The answer must be the lines from the one that holds "Cleo Cropped Hoodie" through the final line of the data, copied exactly, with no pictures.
== Segment start ==
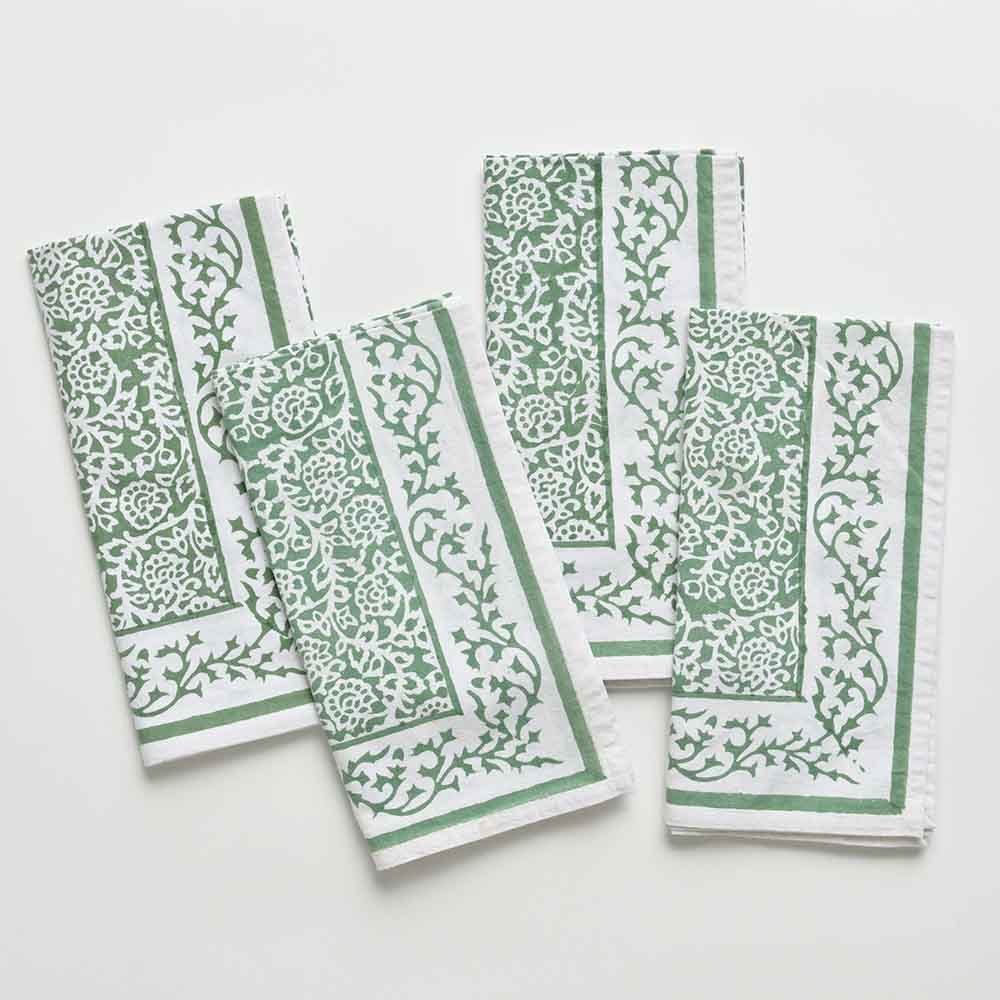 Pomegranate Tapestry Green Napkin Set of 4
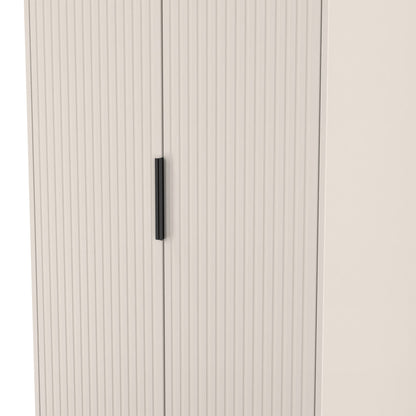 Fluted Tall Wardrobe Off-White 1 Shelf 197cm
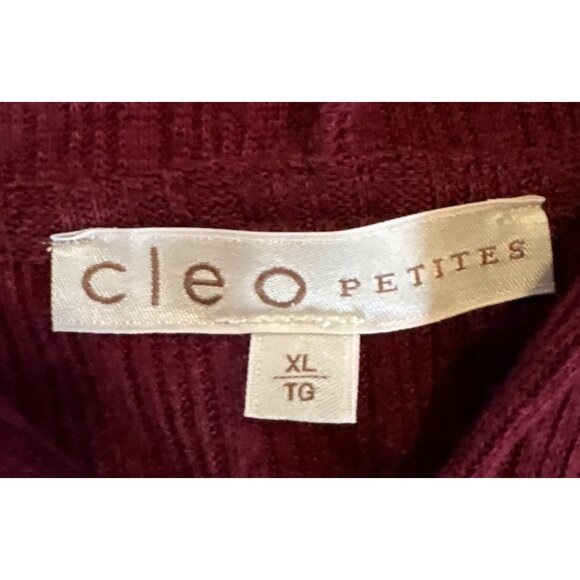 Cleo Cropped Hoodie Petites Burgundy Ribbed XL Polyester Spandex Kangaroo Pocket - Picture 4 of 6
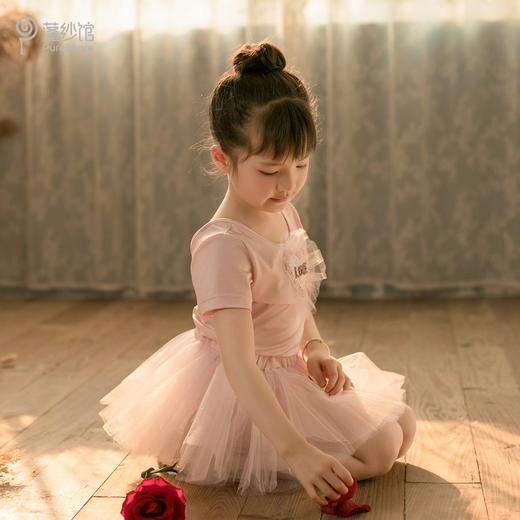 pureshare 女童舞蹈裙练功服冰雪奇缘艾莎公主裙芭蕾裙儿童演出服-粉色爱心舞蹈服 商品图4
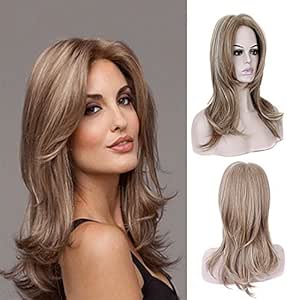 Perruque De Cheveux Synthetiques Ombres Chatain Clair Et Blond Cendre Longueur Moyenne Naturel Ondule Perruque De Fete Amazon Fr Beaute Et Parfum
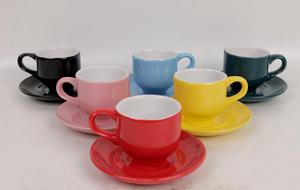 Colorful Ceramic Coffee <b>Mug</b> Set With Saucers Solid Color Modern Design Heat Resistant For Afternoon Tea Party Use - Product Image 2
== Segment end ==
(ANSWER BOX)
 Cleo Cropped Hoodie Petites Burgundy Ribbed XL Polyester Spandex Kangaroo Pocket - Picture 4 of 6
 pureshare 女童舞蹈裙练功服冰雪奇缘艾莎公主裙芭蕾裙儿童演出服-粉色爱心舞蹈服 商品图4
 Perruque De Cheveux Synthetiques Ombres Chatain Clair Et Blond Cendre Longueur Moyenne Naturel Ondule Perruque De Fete Amazon Fr Beaute Et Parfum
 Colorful Ceramic Coffee <b>Mug</b> Set With Saucers Solid Color Modern Design Heat Resistant For Afternoon Tea Party Use - Product Image 2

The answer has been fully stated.